DATASET SECTION.

..............................

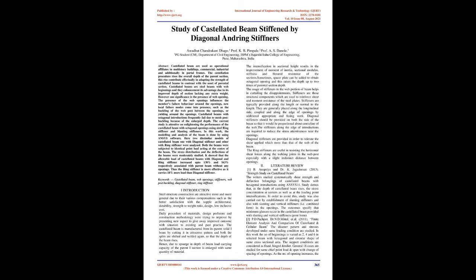Introduction. Steel structure construction are becoming more and more general due to their various compensations such as better satisfaction with the supple architectural design, durability, strength to weight ratio, and low inclusive cost. Daily procedure of materials, design performs and construction methodology were trying to improve by presenting new aspects to give improved outcomes with situation to existing and past practice. The castellated beam is manufactured from its parent solid I-beam by cutting it in crisscross pattern and both splits are shifted and welded again, so that the depth of the beam rises.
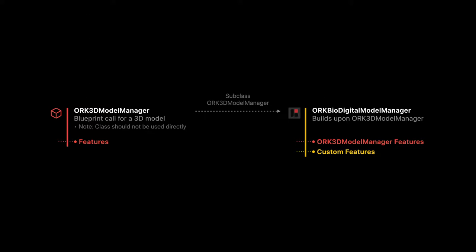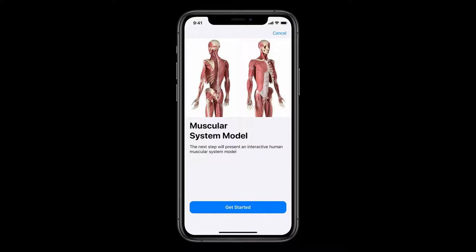Let's see a couple of examples in action. In the first example, we use an instruction step to inform the user that we'll present an interactive human model. This could be used in many situations that most of us have experienced, such as visiting a physical therapy clinic or an orthopedic physician's office, where you're usually given a piece of paper to describe your pain or circle the area on some kind of picture. Now we can get rid of paper and make the experience much better.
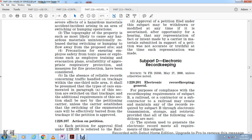In the absence of reliable records concerning traffic on the trackage within one-third mile, it is presumed that the types of cars enumerated in paragraph A of this section are switched on that trackage. Additional requirements shall be made with the petition unless the carrier establishes that switching of the enumerated cars is barred from the trackage. If the petition is approved, conditions apply.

..............................

WHAT IS REQUIRED.
Write out the data above exactly as it appears, but without any image.

SOLUTION.
Introduction. Steel structure construction are becoming more and more general due to their various compensations such as better satisfaction with the supple architectural design, durability, strength to weight ratio, and low inclusive cost. Daily procedure of materials, design performs and construction methodology were trying to improve by presenting new aspects to give improved outcomes with situation to existing and past practice. The castellated beam is manufactured from its parent solid I-beam by cutting it in crisscross pattern and both splits are shifted and welded again, so that the depth of the beam rises.
Let's see a couple of examples in action. In the first example, we use an instruction step to inform the user that we'll present an interactive human model. This could be used in many situations that most of us have experienced, such as visiting a physical therapy clinic or an orthopedic physician's office, where you're usually given a piece of paper to describe your pain or circle the area on some kind of picture. Now we can get rid of paper and make the experience much better.
In the absence of reliable records concerning traffic on the trackage within one-third mile, it is presumed that the types of cars enumerated in paragraph A of this section are switched on that trackage. Additional requirements shall be made with the petition unless the carrier establishes that switching of the enumerated cars is barred from the trackage. If the petition is approved, conditions apply.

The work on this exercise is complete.